English training and testing datasets for voice assistants. Ready-made datasets available for wake words, skill commands, and voice commands for all major voice assistants.
Train, fine-tune, and test your voice assistant using voice data from thousands of people. By using our datasets you can improve the voice assistant to recognize native and non-native speakers and/or test that it works for different demographics and regions.
Access any of the following voice assistant activation data or voice commands for testing or training:
- Amazon Alexa dataset.
- Siri dataset.
- Google Assistant dataset.
- Cortana dataset.
The datasets consist of speech from thousands of English speakers using voice assistants.

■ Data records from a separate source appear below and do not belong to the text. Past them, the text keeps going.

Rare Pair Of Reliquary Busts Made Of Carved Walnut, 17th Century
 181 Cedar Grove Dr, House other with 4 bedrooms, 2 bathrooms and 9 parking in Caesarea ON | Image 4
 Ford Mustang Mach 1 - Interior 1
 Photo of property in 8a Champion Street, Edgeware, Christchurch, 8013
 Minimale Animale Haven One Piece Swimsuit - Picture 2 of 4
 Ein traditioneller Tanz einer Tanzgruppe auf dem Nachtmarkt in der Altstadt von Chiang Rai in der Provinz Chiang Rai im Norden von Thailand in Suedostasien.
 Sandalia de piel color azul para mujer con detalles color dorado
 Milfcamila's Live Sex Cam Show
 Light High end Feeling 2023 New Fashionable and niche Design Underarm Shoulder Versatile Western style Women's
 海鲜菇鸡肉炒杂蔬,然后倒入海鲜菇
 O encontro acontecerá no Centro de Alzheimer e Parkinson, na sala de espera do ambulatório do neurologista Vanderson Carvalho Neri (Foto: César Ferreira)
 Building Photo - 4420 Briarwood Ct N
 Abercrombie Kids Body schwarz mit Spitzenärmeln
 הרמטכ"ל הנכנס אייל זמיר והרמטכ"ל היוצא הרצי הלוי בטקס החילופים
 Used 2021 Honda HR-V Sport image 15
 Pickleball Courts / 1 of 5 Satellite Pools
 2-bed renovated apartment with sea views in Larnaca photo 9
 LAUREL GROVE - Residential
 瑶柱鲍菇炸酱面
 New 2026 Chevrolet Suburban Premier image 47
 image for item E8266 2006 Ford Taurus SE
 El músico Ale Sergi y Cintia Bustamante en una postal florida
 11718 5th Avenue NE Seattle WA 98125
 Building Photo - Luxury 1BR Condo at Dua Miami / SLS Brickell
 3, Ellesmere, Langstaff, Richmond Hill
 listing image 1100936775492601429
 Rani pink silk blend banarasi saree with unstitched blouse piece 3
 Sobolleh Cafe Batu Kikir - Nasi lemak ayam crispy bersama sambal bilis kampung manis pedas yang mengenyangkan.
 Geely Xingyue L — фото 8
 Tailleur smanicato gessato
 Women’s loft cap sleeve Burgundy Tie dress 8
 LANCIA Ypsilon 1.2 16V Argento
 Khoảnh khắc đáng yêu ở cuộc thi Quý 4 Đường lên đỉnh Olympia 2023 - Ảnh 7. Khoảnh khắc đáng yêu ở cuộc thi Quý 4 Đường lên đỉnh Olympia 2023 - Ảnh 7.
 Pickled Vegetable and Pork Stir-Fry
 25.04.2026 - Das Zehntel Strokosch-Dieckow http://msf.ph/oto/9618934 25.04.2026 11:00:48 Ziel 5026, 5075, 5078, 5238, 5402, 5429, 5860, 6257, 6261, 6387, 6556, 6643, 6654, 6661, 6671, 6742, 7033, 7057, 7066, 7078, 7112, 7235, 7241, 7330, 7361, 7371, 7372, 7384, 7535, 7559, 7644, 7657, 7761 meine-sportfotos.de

English language: native US, UK, CA, and non-native.
The dataset contains audio clips of people recording themselves speaking voice assistant commands and wake words, up to 10 minutes of speech per person. The speech is captured using mobile phones from a diverse crowd of speakers representing all ages and backgrounds. Because of that, the dataset is perfect for use cases involving mobile devices.
Recordings vary in length with an average of 3-second clips. Furthermore, they are classified by the background noise level, age group, gender, and region. The recordings, if spontaneously recorded, are transcribed verbatim with speech transcribed as said by the person.
Voice activation is also sometimes referred to as wake words, and voice commands are sometimes referred to as skill commands.